Figure 5: Dynamics of a multi-layer neural network. The network’s task is to learn the identity function, i.e. map the input value of 1 to the output value 1. Left: the graphical diagram for the network architecture. Right: the error surface \(E(\mathbf w)\) for the task, as a function of the model parameters, \(w_1\) and \(w_2\). The network’s error is low when both \(w_1\) and \(w_2\) have large positive magnitudes, and and high when the weights are negative.
Python Code
def two_layer_network_predict(w1, w2, target_value):
return g(w2 * g(w1 * target_value))
two_layer_network_output = two_layer_network_predict(w1, w2, target_value)
two_layer_network_error = error_function(two_layer_network_output, target_value)
# Plot network diagram
fig = plt.figure(figsize=(16, 8))
ax = fig.add_subplot(1, 2, 1)
input_node = mpatches.Circle((0, .5), 0.1, facecolor='white', edgecolor='black')
hidden_node = mpatches.Circle((.5, .5), 0.1, facecolor='white', edgecolor='black')
output_node = mpatches.Circle((1, .5), 0.1, facecolor='white', edgecolor='black')
ax.add_patch(input_node)
ax.add_patch(hidden_node)
ax.add_patch(output_node)
ax.text(0.0, .5, '$a_0$', fontsize=20, ha='center', va='center')
ax.text(0.5, .5, '$a_1$', fontsize=20, ha='center', va='center')
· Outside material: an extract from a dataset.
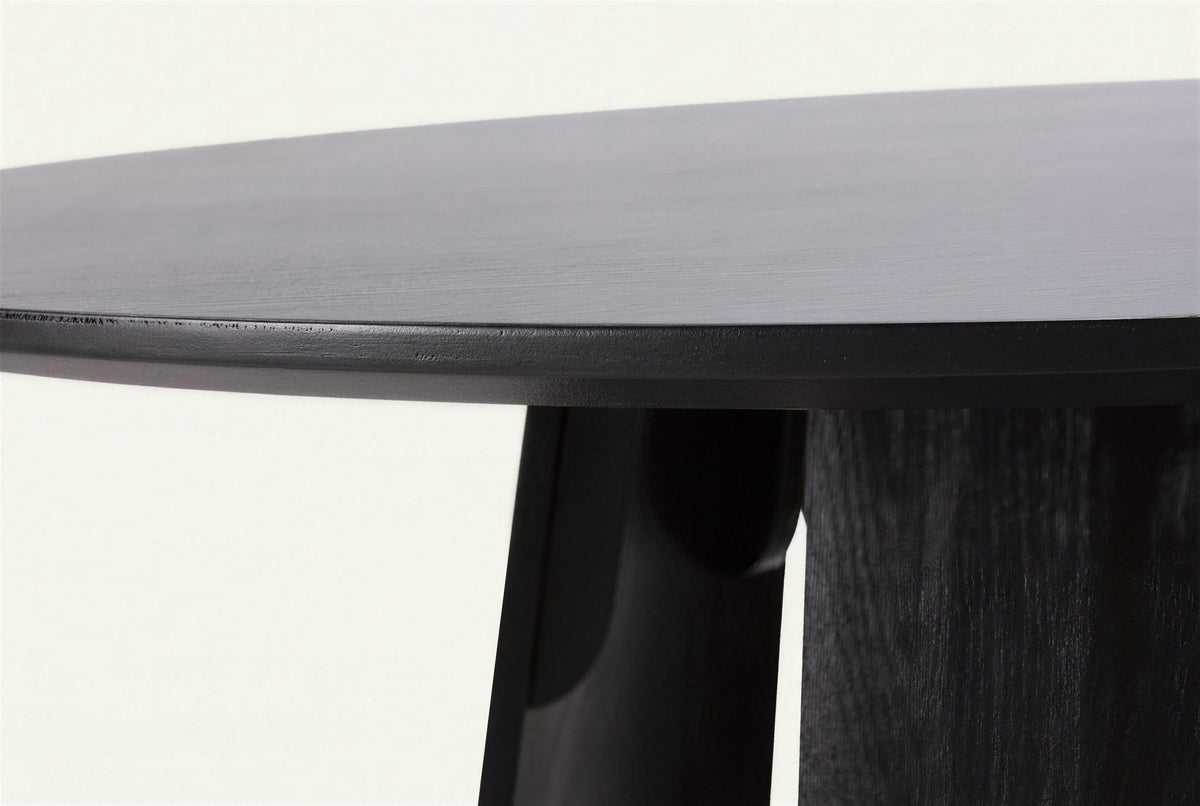 The Tropea Round Dining Table, close-up of the finish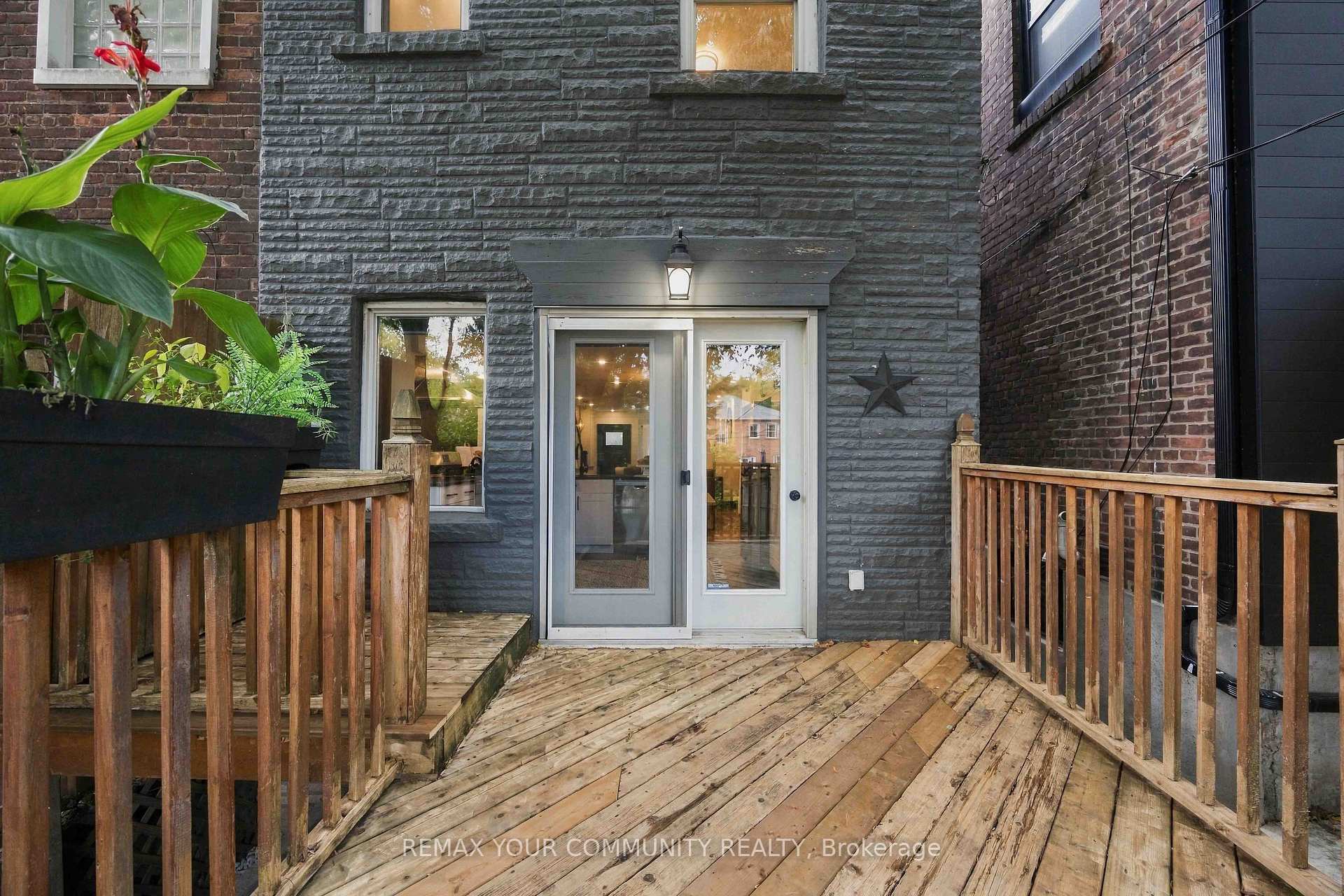 Photo 28 of 263 Waverley Road, Toronto, The Beaches — HOMEH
ax.text(1.0, .5, '$a_{out}$', fontsize=20, ha='center', va='center')
# hidden layer weights
ax.annotate(
'',
(.4, .5),
(.1, .5),
size=14,
va="center",
ha="center",
arrowprops=dict(
arrowstyle='->',
fc="k", ec="k"
),
)
ax.text(.25, .55, '$w_1$', fontsize=20, ha='center', va='center')
# output layer weights
ax.annotate(
'',
(.6, .5),
(.9, .5),
size=14,
va="center",
ha="center",
arrowprops=dict(
arrowstyle='<-',
fc="k", ec="k"
),
)
ax.text(.75, .55, '$w_2$', fontsize=20, ha='center', va='center')
plt.xlim([-.25, 1.25])
plt.ylim([0.2, .8])
plt.axis('equal')
plt.axis('off')
plt.title("Network Architecture")
# Plot Error Surface
ax = fig.add_subplot(1, 2, 2, projection='3d')
ax.plot_surface(w1, w2, two_layer_network_error, cmap=ERROR_COLORMAP, edgecolor=edge_color)
ax.view_init(25, 45)
ax.set_xlabel('$w_1$')
ax.set_ylabel('$w_2$')
ax.set_zlabel('$E(w)$')
plt.title("Error Surface")
plt.suptitle('Multi-layer Network', fontsize=18)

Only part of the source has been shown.